The opposite conversion, heat to power, was found only in natural systems: sun to wind, sun to rain, sun to chemical energy in plants to physical work in animals. Once nature made the conversion from heat to power, humans learned how to convert this power into useful work using windmills, sails, waterwheels and domesticated animals. But the quantity of useful power generated by these machines was small compared to today's standards, and the rate of technological, social and political progress was slow.

The course of human history changed dramatically in the early 1700's when Newcomen invented the first practical engine, converting heat from coal into steam into power to pump water from coal mines. The piston in his engine was 21 inches in diameter and the cylinder was 7 feet long. It generated only 5.5 hp (more than 10 water wheels coupled together) at an efficiency of about 1%. Yet it was enough to begin the industrial revolution that has shaped the modern world.

 Newcomen's steam engine: the first practical machine to transform heat into useful work. 

The science of Thermodynamics followed quickly. Carnot defined the limits of the conversion of heat to power. Joule made the first measurement of the heat equivalent of work (772 ft. lb. of work raises 1 lb. of water 1 F), a number which is barely different from the 778 (ft. lb. / lb. H₂0 F) measured today. Thompson defined a universal scale for measuring temperature based on the volume of gasses. Clausius seized upon Joule's, Carnot's and Thompson's work, derived the concept of entropy (heat/temperature) and formulated explicit mathematical expressions of the first and second laws. Boltzman united Clausius' macroscopic concept of entropy with the new physics of atomic theory by showing that entropy was equivalent to the "logarithim of probability" of the position of gas molecules. The science of thermodynamics was soon extended to all aspects of scientific inquiry and became fundamental to our understanding of the universe and the development of improved technologies.

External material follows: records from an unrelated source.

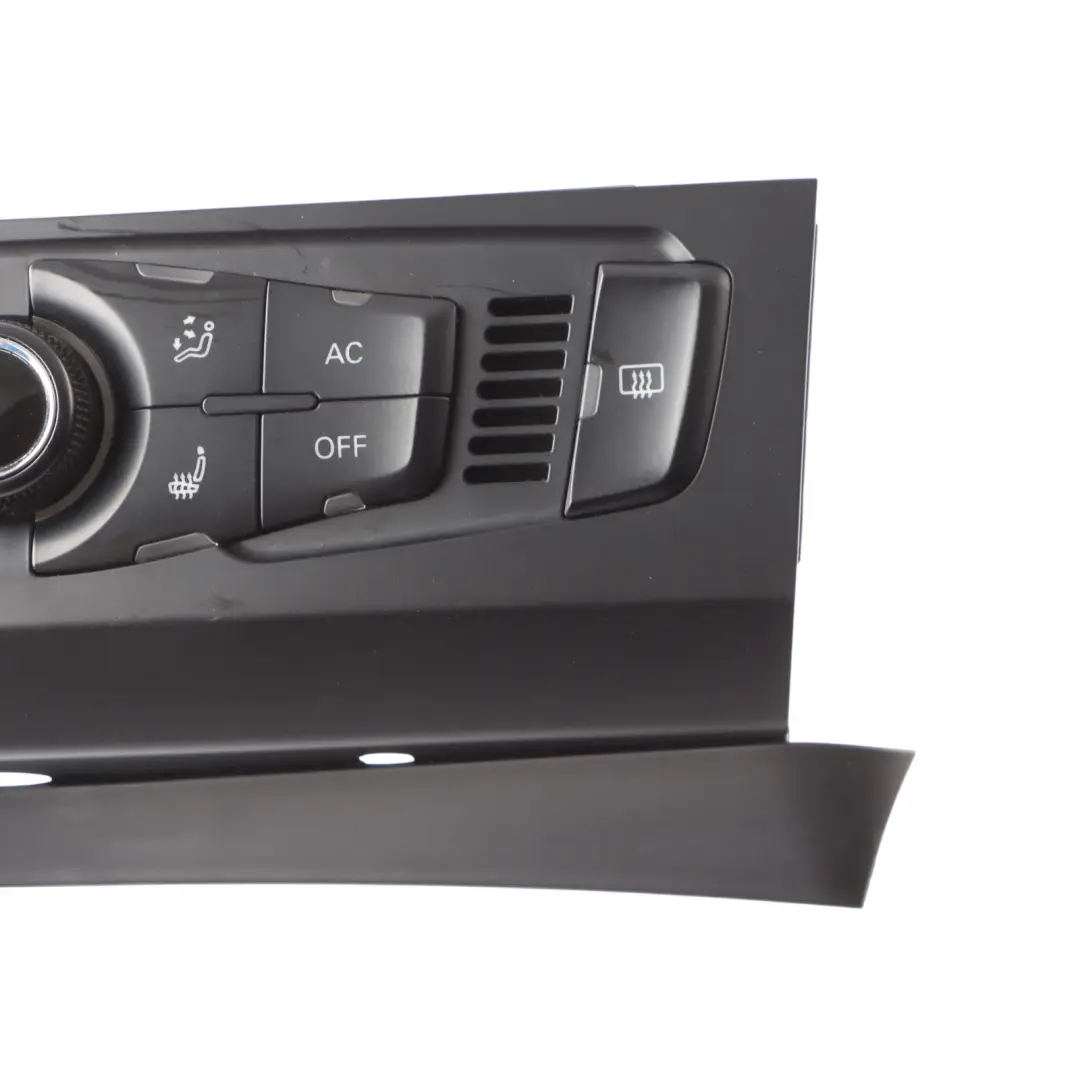  Heater Climate Panel Audi A5 8T Q5 8R Control Air Conditioning Unit - SKU RHD-8T2820043AE - Part number 8T2820043AE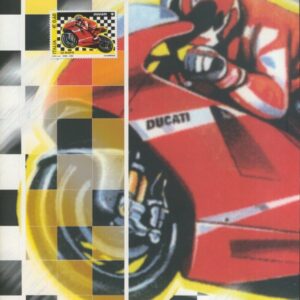 2008 “Le moto” dedicato alla Ducati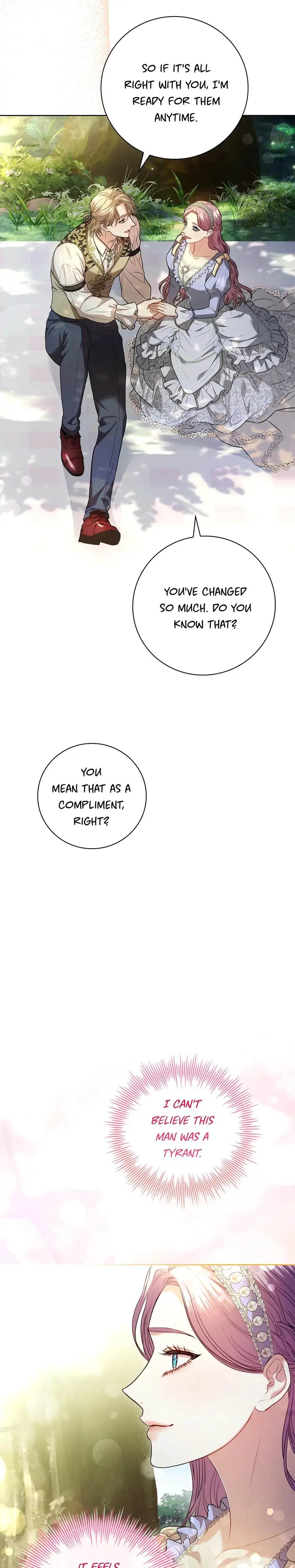 I M The Tyrants Secretary Chapter 120 - Page 17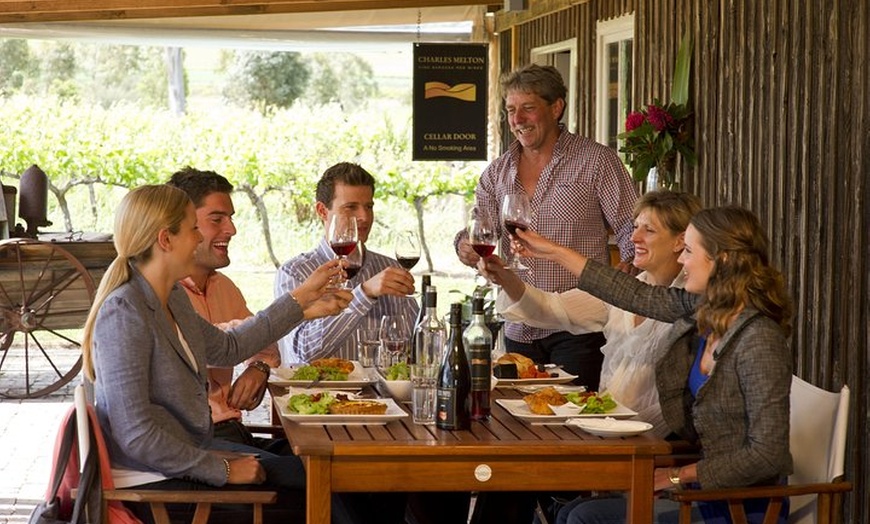 Image 3: Hop-On Hop-Off Barossa Valley Wine Region Tour from Adelaide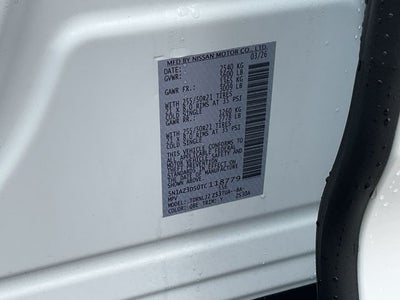 2026 Nissan Murano Platinum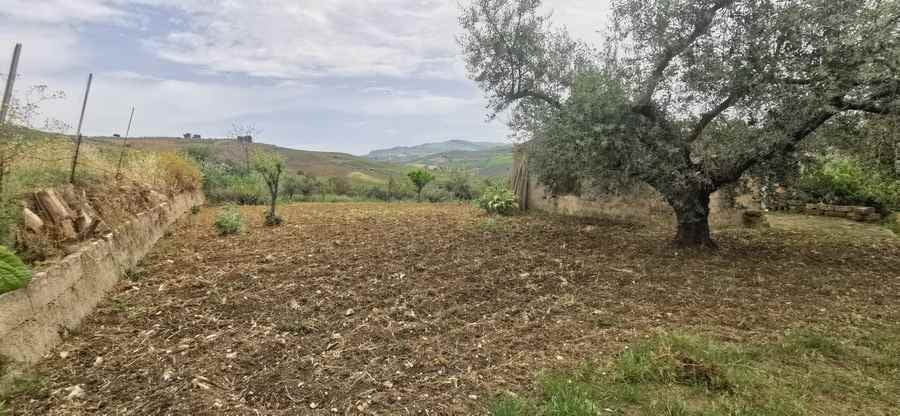 CAPANNONE E TERRENO GAMBINO CONTRADA CICCIONE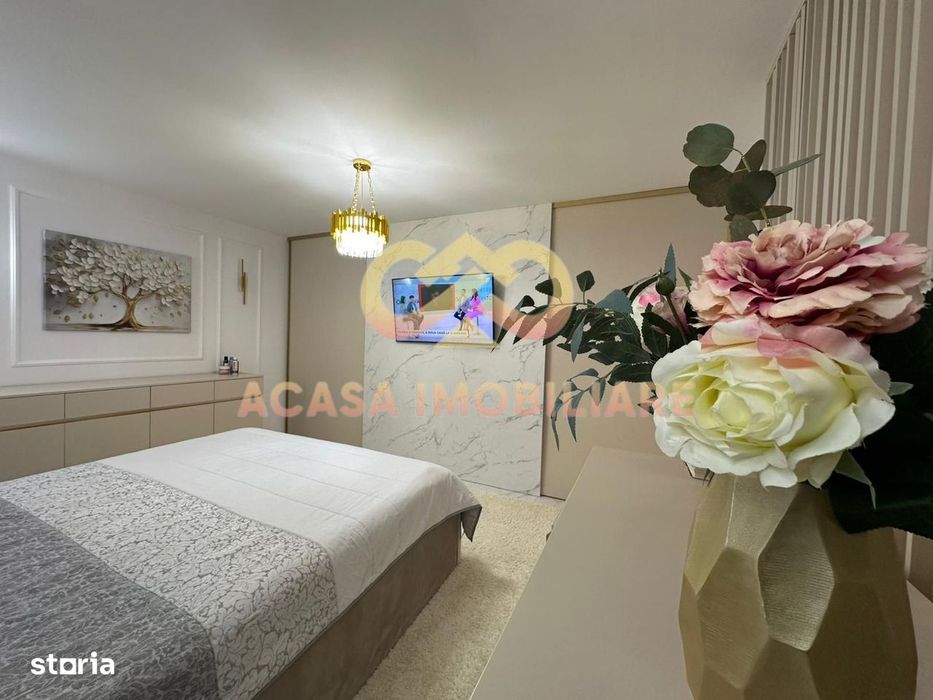 Bucium  Intabulat Mobilat  Apartament  57Mp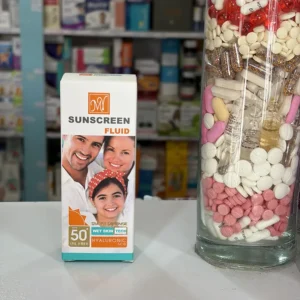 خرید فلوئید ضد آفتاب اسمارت دیفنس مای SPF50 در سودافارما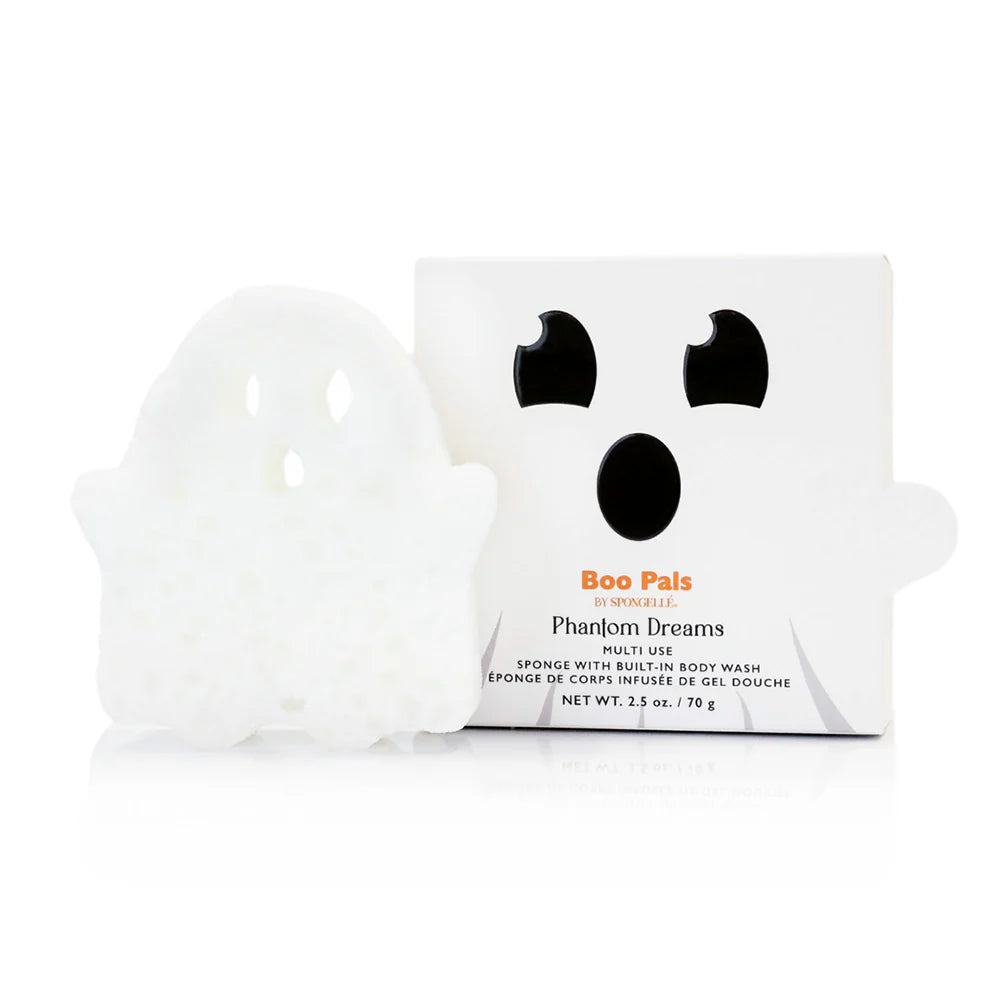 Spongelle Phantom Dreams Ghost | Boo Pals Buffer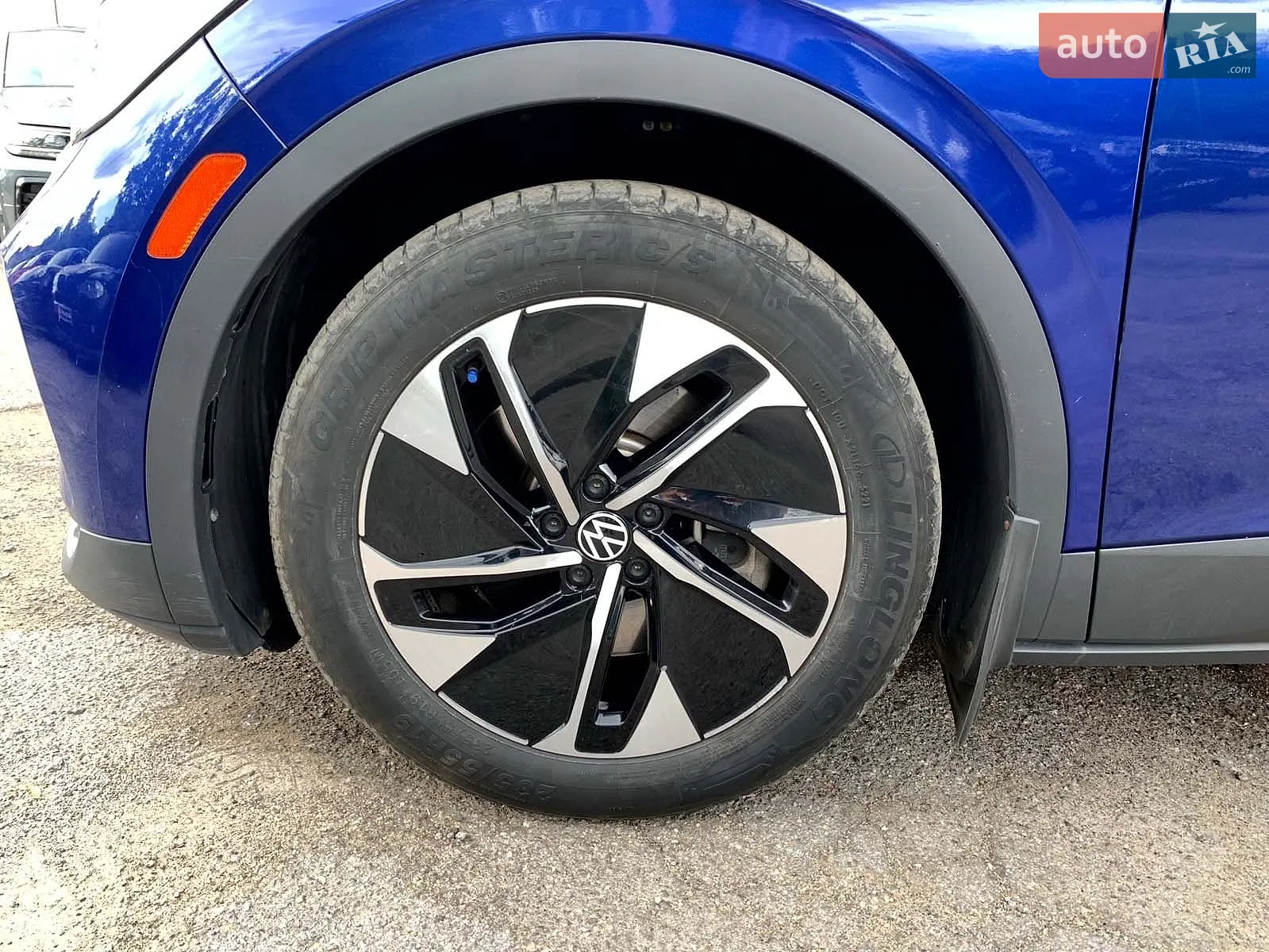 2021 Volkswagen ID.4 - мініатюра 11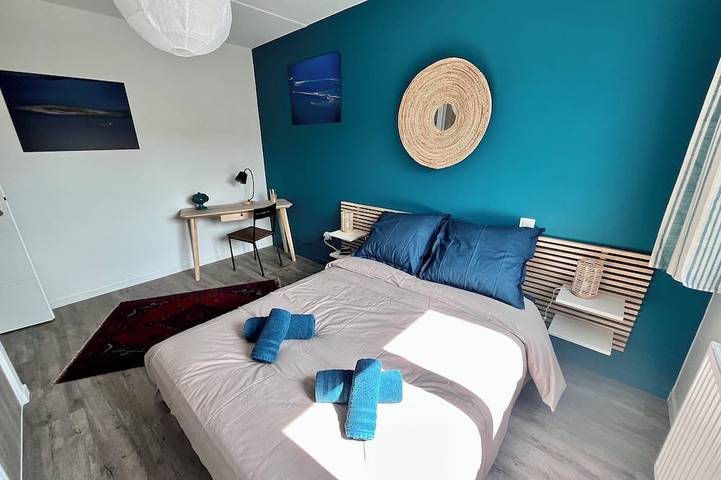 Location de vacances pour 6 personnes, avec jardin à Périgny - 3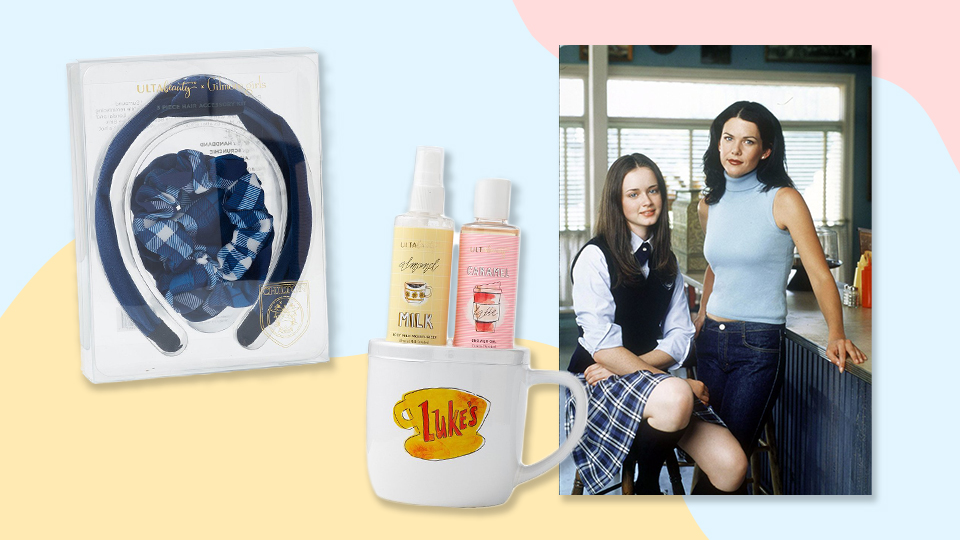 Ulta’s ‘Gilmore Girls’ Collab Would Definitely Be Rory- & Lorelai-Approved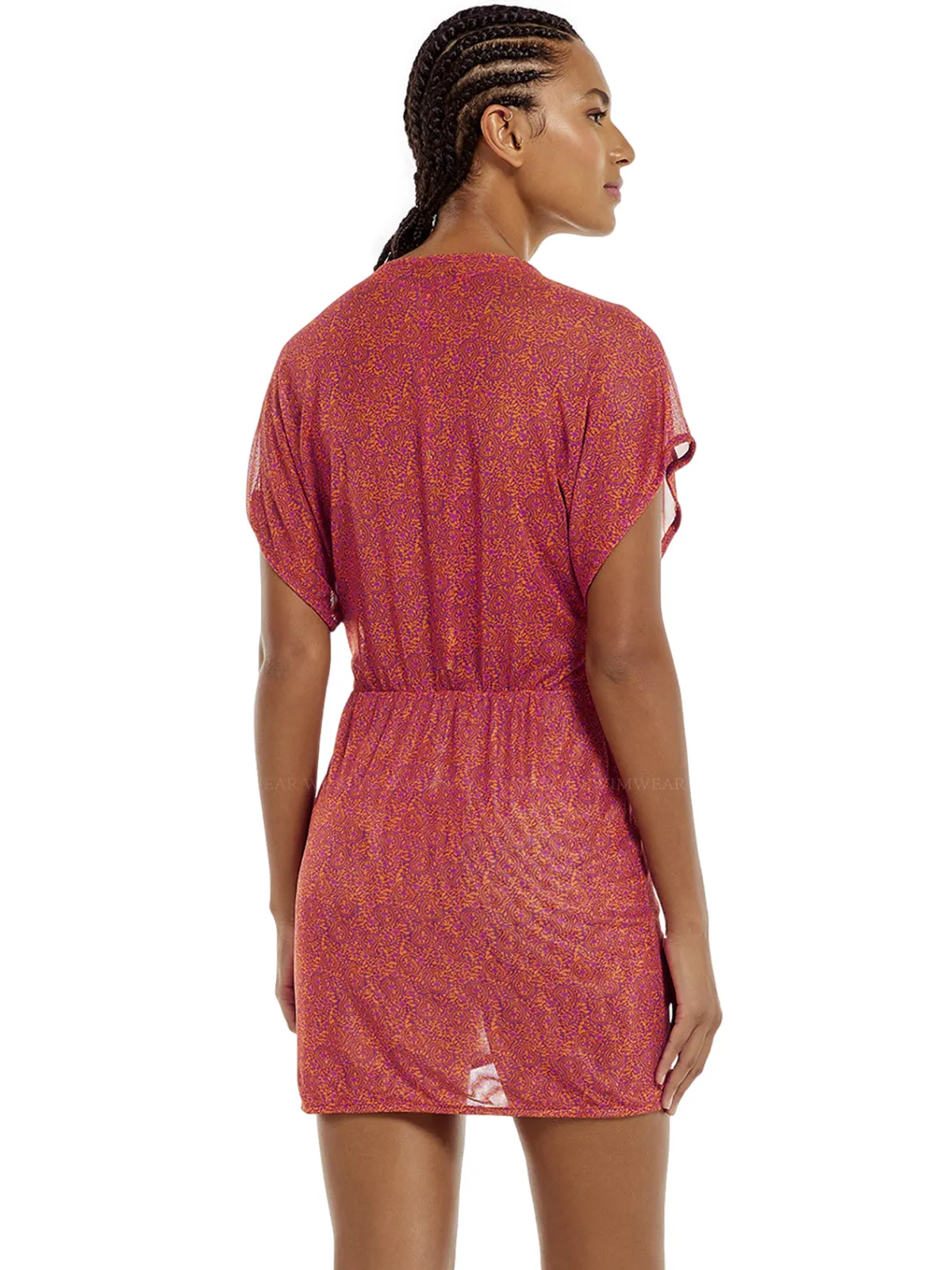 Emily short Cover Up ::RET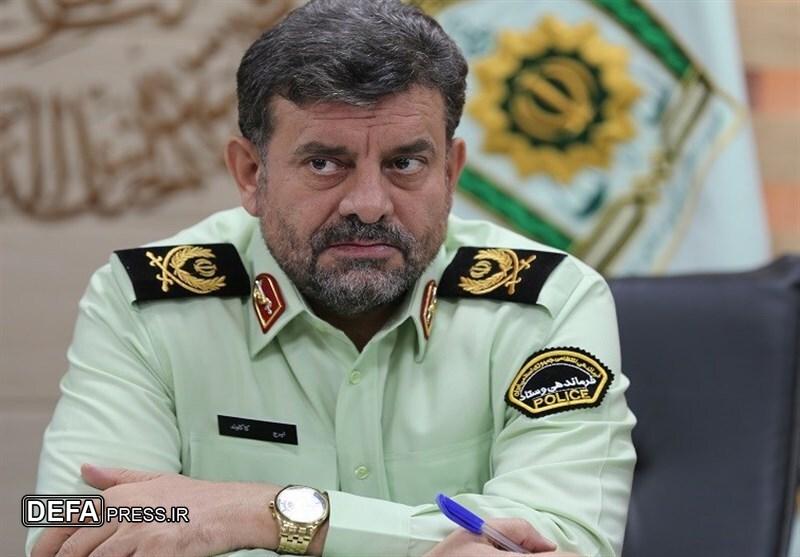 کشف بیش از ۵ تن انواع مواد مخدر/ جمع‌آوری ۴۶۰۰ معتاد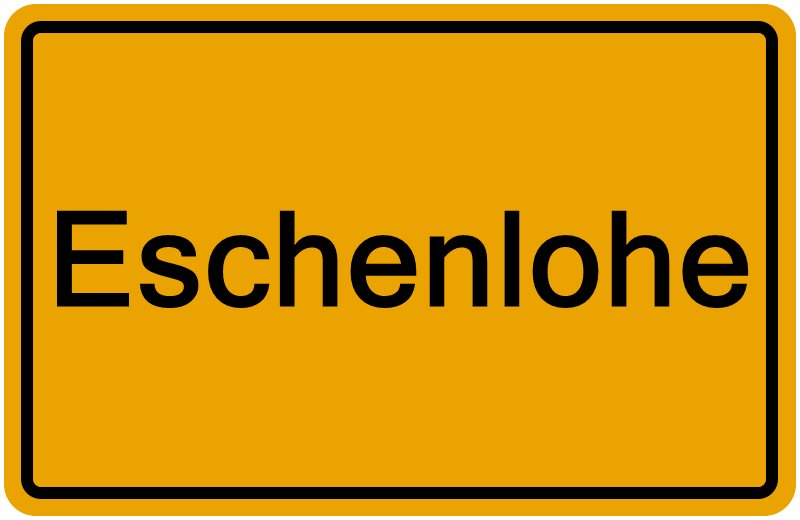 Handelsregister Eschenlohe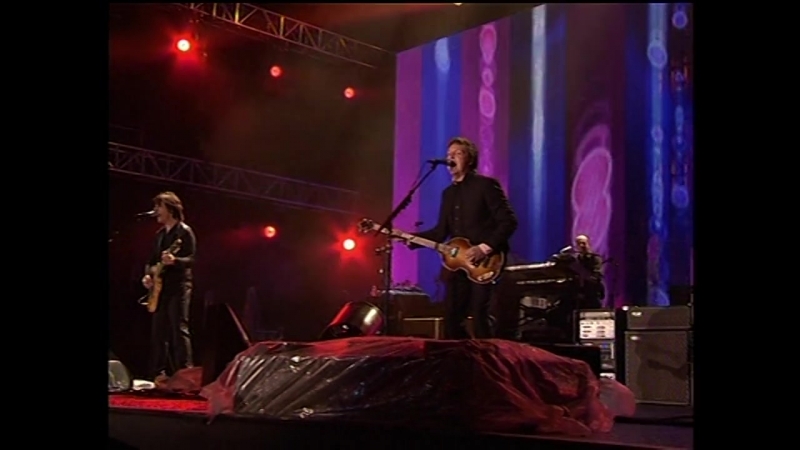 Paul Mc Cartney Flaming Pie (5, 33) Independence
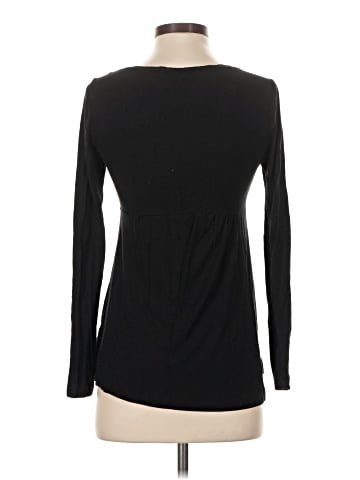 Cynthia Rowley Long Sleeve Top (view 2)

Many things have changed since Newcomen unleashed the modern era, yet power generation remains much the same. The vast majority our electrical power is generated using Newcomen's model of coal to steam to power. Transportation also relies on Newcomen's model of combustion of fossil fuels to push pistons. Hydroelectric power, in the form of modern water wheels, is by far the biggest source of renewable energy. The efficiencies of conversion have increased, but the basic technologies are the same.

Thermodynamics II traces the progression of heat to power technology from Newcomen to the present. We will study combustion (the generation of heat from chemical energy) and the cycles which covert this heat into useful power (Rankine, Otto, etc.). We will review why this conversion is so difficult (the Second Law of Thermodynamics) and study the application of thermodynamic principles to gases. In essence, we will study the science and technologies that have made the last 300 years of human progress possible.

As we look to the future, we can see the end of the age of combustion. Increasing world population, near total reliance on non-renewable fossil fuels, and the unavoidable production of pollution from combustion necessitate a new generation of power production technologies. The new technologies will be pollutionless and renewable, and are fundamentally different from the energy conversion technologies of the past 300 years. Thus, you will be asked to research and describe one of these technologies (wind turbines, photovoltaic arrays or fuelcells) to the class as a special project.

In sum, the class will develop the skills necessary to analyze and design thermal systems. It will reinforce the basic principles of Thermodynamics I by studying the most important engineering applications of Thermodynamics during the last 300 years. In doing so, we will trace an important arc through technological history, relate our findings to the world around us, and look ahead to the 21^st century.